Şehir Hastaneleri’nin devreye girmesiyle var olan eski hastanelerimizin bir kısmını yer yer Bahar Projesi için değerlendirmek istiyoruz. Bu anlamda yapılan çalışmalar doğrultusunda da daha hızlı bir Bahar Projelerinin devreye girişi söz konusu olacak. Yeşilay’ın da birlikte koordine ettiğimiz benzer çalışmaları var, bu anlamda merkez sayılarını 2023’e kalmadan erken dönemde tamamlamayı hedefliyoruz. (Bahar Projesi çalışması) Sayının artması, rehabilite edilmesi, meslek edindirme, ayrıca iş ortamı sağlıyor olmak. Erenköy’de başlayan ve İŞKUR ile birlikte 22 hastamızın 11’ini kendi hastanelerimiz ve kurumlarımızda iş imkanı sunduk, çalışmaya başladılar. Yani (Bahar Projesi) iş ortamını da düzenleyen, kapsamlı, bütüncül bir yaklaşım tarzı olacak.”
“Türkiye’yi sağlık üssü yapmak istiyoruz”
Organ nakli ile ilgili veriler aktaran Koca, “Avrupa’da organ nakli sayımız birinci sırada. 2017’de toplam 4 bin 902 iken, 2018’de 5 bin 600’e yakın organ nakli gerçekleşti. Dünyada canlıdan bağışın daha fazla yapıldığı ülke Türkiye. Yüzde 75’i canlıdan, yüzde 25’i kadavradan. Hedef her geçen gün kadavradan bağışın da artırılması olmalı. Çünkü şu an 26 bine yakın organ nakli için bekleyen hastamız var.” dedi.
Sağlık turizmini önemsediklerini ifade eden Koca, konuşmasını şöyle tamamladı:
“Biz Türkiye’yi aynı zamanda sağlık üssü yapmak istiyoruz. Bunun için uluslararası hasta hizmetleri anonim şirketleri adı altında, dünyada örneği olmayan bir kamu şirketi oluşturuyoruz. Kamu adına çalışan bir şirketten bahsetmiyoruz. Kamunun dinamiklerini bir şekilde sağlık turizminde daha dinamik tutan bir yapı olsun istiyoruz. Hem özel sektörün, hem üniversitenin, hem kamunun potansiyelini uluslararası pazara pazarlayan güçlü bir merkez olsun istiyoruz.
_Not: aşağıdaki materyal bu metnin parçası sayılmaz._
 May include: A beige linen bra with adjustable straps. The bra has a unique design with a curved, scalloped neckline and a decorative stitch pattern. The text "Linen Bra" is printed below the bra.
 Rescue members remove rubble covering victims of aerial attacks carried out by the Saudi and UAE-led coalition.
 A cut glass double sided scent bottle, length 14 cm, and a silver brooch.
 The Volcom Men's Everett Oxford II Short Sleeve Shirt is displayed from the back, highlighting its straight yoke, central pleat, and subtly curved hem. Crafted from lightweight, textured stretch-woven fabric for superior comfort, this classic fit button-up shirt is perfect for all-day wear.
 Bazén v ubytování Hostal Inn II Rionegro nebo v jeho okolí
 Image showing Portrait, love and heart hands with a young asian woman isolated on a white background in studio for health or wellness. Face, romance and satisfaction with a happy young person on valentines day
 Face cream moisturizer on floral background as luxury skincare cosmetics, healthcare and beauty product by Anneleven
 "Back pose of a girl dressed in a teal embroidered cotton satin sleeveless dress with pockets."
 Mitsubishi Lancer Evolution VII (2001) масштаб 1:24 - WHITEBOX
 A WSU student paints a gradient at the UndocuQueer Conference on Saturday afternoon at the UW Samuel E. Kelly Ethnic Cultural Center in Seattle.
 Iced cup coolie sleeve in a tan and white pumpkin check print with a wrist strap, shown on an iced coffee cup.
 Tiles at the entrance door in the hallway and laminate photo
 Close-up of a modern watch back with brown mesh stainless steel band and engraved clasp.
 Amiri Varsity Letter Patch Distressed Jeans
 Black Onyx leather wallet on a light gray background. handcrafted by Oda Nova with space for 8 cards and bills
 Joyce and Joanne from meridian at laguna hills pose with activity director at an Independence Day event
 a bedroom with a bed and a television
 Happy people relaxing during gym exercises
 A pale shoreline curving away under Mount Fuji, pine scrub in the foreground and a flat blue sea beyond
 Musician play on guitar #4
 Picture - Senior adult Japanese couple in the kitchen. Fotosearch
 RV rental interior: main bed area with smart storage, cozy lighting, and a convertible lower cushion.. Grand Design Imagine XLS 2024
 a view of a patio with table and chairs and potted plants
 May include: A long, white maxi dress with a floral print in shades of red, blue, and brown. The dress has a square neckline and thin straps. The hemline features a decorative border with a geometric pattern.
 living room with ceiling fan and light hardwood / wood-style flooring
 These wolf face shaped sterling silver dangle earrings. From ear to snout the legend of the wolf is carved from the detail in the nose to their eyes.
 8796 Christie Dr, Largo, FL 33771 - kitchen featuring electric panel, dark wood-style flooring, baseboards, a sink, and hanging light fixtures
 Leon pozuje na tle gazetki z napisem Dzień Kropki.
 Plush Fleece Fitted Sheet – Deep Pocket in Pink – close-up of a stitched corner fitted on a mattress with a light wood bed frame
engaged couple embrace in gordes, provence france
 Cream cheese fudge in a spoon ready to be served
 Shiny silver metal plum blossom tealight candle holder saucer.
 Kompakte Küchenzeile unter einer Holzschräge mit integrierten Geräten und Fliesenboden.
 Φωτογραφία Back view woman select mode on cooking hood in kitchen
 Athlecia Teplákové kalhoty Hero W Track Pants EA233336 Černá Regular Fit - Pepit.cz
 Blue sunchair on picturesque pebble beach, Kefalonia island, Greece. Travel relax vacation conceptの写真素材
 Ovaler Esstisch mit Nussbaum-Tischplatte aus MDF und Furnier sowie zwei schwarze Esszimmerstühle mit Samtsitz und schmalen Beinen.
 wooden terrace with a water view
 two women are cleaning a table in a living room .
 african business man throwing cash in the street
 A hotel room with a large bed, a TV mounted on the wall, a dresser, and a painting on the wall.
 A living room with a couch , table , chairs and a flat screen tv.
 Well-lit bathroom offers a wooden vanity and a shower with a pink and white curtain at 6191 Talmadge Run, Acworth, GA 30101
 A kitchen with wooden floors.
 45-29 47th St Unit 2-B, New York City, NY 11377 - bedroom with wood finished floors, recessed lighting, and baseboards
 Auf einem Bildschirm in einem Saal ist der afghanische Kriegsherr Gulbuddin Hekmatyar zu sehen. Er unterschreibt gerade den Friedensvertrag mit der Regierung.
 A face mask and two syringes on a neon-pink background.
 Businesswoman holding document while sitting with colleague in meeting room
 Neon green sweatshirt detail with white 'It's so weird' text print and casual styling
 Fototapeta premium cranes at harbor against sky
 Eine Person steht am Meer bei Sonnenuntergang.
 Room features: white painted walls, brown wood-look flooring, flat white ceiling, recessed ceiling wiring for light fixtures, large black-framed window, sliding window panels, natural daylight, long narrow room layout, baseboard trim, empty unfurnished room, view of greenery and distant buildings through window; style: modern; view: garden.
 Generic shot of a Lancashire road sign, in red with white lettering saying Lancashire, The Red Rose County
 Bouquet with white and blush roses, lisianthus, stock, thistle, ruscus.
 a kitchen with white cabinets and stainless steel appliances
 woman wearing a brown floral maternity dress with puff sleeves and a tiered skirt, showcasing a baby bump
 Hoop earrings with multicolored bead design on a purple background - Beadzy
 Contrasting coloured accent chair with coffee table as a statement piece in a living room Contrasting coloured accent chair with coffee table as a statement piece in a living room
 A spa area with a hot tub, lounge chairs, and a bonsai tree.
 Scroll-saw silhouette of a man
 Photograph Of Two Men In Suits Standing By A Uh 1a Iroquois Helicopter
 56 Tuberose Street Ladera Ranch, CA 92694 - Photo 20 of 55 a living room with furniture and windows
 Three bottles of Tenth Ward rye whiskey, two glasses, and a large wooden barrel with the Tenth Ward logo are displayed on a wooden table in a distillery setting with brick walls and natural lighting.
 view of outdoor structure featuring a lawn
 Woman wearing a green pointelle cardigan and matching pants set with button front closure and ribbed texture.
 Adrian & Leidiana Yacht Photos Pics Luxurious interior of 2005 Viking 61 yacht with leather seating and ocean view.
Sağlık ateşelerinin de önemli gördüğümüz birçok ülkede olması yönünde bir karar aldık. Sağlık turizmi önemli, hem devletler hem de yarı kamu sigorta şirketleriyle ilişkilerimiz oluyor. Bu ilişkileri de götüren bir yapıyı oluşturmaktan yanayız. Dünyada sağlık turizminden pay alan ülkelerin yapmadığı, bizim yapmak istediğimiz, önemli ülkelerde ve şehirlerde tanı merkezleri açmak istiyoruz. Yani tomografi ve MR’ın olduğu özel sektöre açtığımız hastanın yerinde görülüp gerektiğinde burada tedavisi yapılan hastanın orada takip edildiği merkezler açmak için karar aldık.”